Начало архаического периода ознаменовано переворотом в греческом военном деле, который многие историки считают одним из определяющих факторов в развитии полисной цивилизации — т.н. «гоплитской революцией», т.е. появлением тяжелой пехоты. Технической основой для подобных изменений стало появление на рубеже VIII и VII вв. до н.э. (по сообщению Геродота (Her., I, 171), они были заимствованы у карийцев[63]) тяжелого шлема с султаном и ставшего впоследствии классическим круглого щита с двумя рукоятями — одной в центре, под локоть, и другой, сжимаемой в кулаке, с краю. До этого греки использовали легкие щиты с одной рукоятью, значительно меньшего размера, в силу чего пехота вынуждена была действовать рассыпным строем и могла играть лишь вспомогательную роль в столкновениях аристократических родов войск — колесничных бойцов и конницы возможность купить верховую лошадь до самого конца античности оставалась признаком богатства). Вершиной подобного рода войн, блестяще описанных в «Илиаде»[64], стала война Халкиды и Эретрии (Левантинская), окончившаяся около 700 г.[65]
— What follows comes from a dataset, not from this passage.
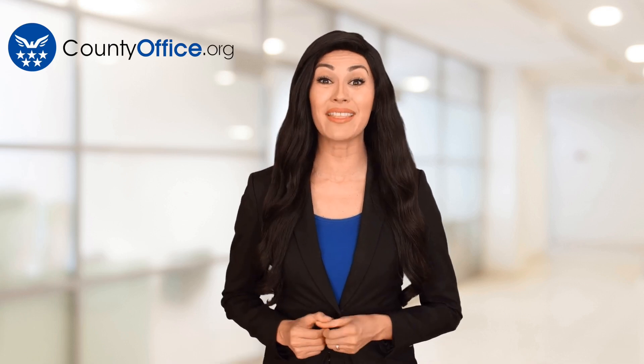Thanks for tuning in to our video. Please like and subscribe and leave a comment below.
Уже в самом скором времени после этого на арене появляются гоплитские ополчения — самое раннее их изображение сохранилось на вазе первой половины VII в. из Коринфа, т.н. «арибалле Макмиллана». Древняя традиция приписывала первенство в использовании гоплитов на поле боя аргосскому тирану Фидону, захватившему при их помощи господство над большей частью Пелопоннеса. Классический гоплит носил из защитного снаряжения уже описанные щит (от которого — греч. hoplon — и происходит название этого рода войск) и шлем, а также панцирь и поножи, прикрывавшие ногу до колена, а из наступательного — копье длиной чуть более 2 м, прямой или слегка изогнутый короткий меч, а иногда также серповидный нож. Вес этого снаряжения составлял, по данным археологии, до 33 кг, но гоплит нес его только в бою — в походе большую часть везли на вьючных животных или давали нести рабам.
63
Народ на юго-западе Малой Азии.
64
Рекомендуем академическое издание: Гомер. Илиада / Пер. Н.И. Гнедича; изд. подгот. А.И. Зайцев. Л., 1990. — (Лит. памятники).
65
О воен. деле до гоплитской революции см.: Greenhalgh P.A.L. Early Greek Warfare: Horsemen and Chariots in Homeric and Archaic Ages. — Cambridge, 1973.